The purpose of this study was to investigate serial changes in LV size and systolic function in paced CCHB subjects to examine the effect of time from pacemaker on echocardiographic parameters.
Single-center retrospective cohort analysis of paced CCHB subjects was performed. Echocardiographic data were collected before and after pacemaker placement. Linear mixed effect regression of left ventricular end-diastolic dimension (LVEDD) z-score, left ventricular shortening fraction (LVSF), and left ventricular ejection fraction (LVEF) was performed, with slopes compared before and after pacemaker placement.

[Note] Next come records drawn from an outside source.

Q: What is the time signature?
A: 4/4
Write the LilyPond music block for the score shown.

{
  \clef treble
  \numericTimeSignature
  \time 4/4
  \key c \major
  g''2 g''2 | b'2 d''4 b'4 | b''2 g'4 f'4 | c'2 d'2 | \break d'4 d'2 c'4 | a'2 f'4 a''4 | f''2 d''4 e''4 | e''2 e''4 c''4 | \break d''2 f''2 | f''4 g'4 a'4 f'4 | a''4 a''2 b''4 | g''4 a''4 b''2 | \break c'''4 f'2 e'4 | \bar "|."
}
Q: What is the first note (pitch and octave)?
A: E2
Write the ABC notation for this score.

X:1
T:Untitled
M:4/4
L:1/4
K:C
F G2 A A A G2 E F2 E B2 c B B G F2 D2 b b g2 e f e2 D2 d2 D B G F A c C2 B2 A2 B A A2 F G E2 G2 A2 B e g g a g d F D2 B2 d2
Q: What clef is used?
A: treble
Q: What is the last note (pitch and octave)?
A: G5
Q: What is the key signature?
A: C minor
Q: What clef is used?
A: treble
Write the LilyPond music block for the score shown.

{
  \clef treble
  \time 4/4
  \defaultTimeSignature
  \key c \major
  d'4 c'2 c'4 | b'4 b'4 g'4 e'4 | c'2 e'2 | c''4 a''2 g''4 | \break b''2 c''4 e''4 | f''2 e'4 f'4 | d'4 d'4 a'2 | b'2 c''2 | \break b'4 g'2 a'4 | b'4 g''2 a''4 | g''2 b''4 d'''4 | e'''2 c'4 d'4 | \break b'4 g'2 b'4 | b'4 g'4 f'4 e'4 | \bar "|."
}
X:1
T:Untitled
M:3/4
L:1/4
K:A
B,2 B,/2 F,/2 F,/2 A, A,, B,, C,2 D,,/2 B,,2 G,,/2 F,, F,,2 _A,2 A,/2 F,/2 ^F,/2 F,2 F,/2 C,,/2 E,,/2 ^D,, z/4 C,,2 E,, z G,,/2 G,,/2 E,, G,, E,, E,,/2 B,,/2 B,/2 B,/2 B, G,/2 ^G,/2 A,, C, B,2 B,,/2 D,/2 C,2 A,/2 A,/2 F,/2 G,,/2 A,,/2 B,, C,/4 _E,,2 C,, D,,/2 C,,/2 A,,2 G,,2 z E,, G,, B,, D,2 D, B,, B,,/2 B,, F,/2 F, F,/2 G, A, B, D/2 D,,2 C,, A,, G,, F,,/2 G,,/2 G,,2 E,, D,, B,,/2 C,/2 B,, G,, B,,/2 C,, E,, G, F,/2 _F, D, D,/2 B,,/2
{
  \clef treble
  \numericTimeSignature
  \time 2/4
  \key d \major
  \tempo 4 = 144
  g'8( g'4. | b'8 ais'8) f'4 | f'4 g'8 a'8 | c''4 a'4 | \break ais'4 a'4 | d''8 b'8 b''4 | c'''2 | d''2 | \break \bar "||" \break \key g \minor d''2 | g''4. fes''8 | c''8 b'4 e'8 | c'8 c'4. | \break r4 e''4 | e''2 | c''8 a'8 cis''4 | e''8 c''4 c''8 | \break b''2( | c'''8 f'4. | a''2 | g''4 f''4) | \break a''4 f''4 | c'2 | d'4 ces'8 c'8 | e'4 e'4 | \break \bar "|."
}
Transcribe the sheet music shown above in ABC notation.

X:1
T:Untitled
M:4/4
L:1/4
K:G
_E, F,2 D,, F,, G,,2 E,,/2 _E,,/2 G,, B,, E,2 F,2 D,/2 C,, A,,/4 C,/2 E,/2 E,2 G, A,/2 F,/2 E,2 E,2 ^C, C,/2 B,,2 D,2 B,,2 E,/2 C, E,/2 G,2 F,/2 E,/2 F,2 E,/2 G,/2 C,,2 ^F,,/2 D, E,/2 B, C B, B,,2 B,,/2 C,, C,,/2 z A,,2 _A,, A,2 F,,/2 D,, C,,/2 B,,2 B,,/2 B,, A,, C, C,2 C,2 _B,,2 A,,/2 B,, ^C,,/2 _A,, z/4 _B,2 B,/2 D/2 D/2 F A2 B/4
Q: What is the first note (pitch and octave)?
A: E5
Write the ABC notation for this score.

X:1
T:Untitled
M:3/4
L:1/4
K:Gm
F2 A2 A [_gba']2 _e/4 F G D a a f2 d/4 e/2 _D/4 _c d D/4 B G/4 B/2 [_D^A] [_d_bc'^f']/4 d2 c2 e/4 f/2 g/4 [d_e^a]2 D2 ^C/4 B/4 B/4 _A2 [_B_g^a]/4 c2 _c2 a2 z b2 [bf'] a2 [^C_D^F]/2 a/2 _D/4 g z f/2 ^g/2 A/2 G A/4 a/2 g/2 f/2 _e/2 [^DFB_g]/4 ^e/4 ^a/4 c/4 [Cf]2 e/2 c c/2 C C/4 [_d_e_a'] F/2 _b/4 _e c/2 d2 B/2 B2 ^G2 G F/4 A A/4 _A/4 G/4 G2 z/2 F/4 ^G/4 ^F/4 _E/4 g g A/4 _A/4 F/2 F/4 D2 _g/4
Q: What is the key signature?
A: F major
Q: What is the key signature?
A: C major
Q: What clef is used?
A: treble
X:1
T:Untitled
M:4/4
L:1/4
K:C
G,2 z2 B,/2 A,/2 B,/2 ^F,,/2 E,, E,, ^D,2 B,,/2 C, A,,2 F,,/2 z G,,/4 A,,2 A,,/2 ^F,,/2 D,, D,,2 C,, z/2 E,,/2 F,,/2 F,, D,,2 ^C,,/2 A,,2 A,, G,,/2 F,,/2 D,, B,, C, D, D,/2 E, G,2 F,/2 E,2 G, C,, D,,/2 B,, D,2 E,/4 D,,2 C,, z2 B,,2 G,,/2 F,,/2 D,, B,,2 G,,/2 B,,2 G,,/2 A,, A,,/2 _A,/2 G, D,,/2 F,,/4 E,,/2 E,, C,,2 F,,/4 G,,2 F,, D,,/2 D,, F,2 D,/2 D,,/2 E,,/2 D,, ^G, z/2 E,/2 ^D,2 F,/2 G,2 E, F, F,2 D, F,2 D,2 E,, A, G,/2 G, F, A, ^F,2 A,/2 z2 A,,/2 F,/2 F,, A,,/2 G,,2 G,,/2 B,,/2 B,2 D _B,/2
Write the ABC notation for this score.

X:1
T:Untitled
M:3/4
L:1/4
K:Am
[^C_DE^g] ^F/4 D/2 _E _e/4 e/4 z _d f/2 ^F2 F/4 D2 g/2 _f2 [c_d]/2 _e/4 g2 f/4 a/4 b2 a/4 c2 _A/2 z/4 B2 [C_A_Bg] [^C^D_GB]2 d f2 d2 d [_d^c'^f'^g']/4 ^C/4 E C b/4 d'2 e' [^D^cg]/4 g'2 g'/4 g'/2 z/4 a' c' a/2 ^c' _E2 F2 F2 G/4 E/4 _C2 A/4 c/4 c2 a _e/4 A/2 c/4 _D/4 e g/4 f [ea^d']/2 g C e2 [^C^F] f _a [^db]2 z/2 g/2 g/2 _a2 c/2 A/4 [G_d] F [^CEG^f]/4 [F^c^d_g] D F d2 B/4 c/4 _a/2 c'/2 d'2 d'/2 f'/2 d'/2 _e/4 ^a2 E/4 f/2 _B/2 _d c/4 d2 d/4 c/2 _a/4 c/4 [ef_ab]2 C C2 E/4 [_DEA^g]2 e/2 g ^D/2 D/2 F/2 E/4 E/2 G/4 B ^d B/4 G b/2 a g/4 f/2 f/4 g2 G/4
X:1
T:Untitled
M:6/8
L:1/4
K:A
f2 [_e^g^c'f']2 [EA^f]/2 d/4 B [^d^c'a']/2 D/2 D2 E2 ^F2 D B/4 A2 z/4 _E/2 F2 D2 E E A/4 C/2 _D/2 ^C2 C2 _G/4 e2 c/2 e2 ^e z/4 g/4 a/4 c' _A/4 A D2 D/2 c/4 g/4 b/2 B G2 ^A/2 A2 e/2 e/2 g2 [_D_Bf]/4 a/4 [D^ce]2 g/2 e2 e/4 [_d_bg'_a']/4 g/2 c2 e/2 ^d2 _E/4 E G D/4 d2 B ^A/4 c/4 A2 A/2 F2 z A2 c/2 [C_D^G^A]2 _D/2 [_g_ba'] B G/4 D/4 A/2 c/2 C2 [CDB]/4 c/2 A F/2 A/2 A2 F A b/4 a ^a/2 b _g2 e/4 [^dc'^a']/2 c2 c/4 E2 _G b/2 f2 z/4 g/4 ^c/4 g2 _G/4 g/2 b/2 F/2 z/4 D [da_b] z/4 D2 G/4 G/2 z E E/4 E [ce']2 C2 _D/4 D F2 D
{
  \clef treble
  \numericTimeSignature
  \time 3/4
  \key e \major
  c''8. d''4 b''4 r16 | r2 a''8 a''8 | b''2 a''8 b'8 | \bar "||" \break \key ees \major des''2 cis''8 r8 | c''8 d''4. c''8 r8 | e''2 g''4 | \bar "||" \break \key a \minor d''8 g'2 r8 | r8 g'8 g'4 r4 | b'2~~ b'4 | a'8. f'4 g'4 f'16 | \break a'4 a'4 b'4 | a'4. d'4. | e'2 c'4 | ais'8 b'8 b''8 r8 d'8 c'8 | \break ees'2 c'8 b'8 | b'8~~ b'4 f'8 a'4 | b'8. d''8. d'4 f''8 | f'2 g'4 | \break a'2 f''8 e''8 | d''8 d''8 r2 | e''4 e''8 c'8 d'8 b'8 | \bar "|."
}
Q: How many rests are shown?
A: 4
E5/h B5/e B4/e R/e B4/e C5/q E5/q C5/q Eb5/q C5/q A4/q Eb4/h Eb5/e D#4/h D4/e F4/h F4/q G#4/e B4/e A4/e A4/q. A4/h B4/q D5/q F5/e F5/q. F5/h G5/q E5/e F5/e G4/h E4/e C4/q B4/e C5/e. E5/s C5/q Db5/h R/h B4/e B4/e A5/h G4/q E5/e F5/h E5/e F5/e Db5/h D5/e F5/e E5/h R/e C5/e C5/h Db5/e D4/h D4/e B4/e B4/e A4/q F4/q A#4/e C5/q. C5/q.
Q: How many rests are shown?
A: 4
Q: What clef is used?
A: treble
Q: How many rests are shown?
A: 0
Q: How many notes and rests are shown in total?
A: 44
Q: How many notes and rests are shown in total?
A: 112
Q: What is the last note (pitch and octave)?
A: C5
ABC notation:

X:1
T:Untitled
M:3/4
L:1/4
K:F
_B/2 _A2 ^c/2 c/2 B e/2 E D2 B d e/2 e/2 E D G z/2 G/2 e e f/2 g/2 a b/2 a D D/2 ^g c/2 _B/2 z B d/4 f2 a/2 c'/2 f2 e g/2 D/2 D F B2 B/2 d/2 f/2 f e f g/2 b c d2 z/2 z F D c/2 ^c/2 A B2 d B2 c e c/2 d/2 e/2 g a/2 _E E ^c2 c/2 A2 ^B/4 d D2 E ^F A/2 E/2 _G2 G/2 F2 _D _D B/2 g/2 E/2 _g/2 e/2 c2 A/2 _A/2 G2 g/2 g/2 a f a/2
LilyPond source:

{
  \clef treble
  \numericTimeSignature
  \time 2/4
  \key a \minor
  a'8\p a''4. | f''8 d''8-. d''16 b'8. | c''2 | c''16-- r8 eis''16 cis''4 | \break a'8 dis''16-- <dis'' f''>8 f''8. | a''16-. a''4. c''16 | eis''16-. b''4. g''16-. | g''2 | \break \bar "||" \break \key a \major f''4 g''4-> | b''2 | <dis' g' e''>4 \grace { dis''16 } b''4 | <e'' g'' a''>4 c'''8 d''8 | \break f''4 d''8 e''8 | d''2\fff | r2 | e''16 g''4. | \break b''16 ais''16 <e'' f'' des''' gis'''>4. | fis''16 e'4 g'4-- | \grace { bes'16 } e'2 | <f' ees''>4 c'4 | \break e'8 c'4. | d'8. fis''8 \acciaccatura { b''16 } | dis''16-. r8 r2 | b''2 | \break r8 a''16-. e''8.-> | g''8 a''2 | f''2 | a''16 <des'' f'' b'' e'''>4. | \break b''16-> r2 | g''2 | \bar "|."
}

Of 114 CCHB subjects, 52 had echocardiographic data before and after pacemaker placement. Median age at CCHB diagnosis was 0.6 [interquartile range 0.0–3.5] years; age at pacemaker placement 3.4 [0.5–9.0] years; and pacing duration 10.8 [5.2–13.7] years. Estimated LVEDD z-score was 1.4 at pacemaker placement and decreased –0.08 per year (95% confidence interval [CI] –0.12 to –0.04; P = .002) to 0.2 (95% CI –0.3 to +0.3) 15 years postplacement. Estimated LVSF decreased –1.1% per year (95% CI –1.7% to –0.6%; P <.001) from 6 months prepacemaker placement to 34% (95% CI 32%–37%) 4 years postplacement. There was no significant change in LVSF between 4 and 15 years postplacement. Estimated LVEF did not change significantly after pacemaker placement, with estimated LVEF 59% (95% CI 55%–62%) 15 years postplacement.
In 52 paced CCHB subjects, estimated LVEDD z-score decreased significantly after pacemaker placement, and estimated LVSF and LVEF remained within normal limits at 15 years postpacemaker placement.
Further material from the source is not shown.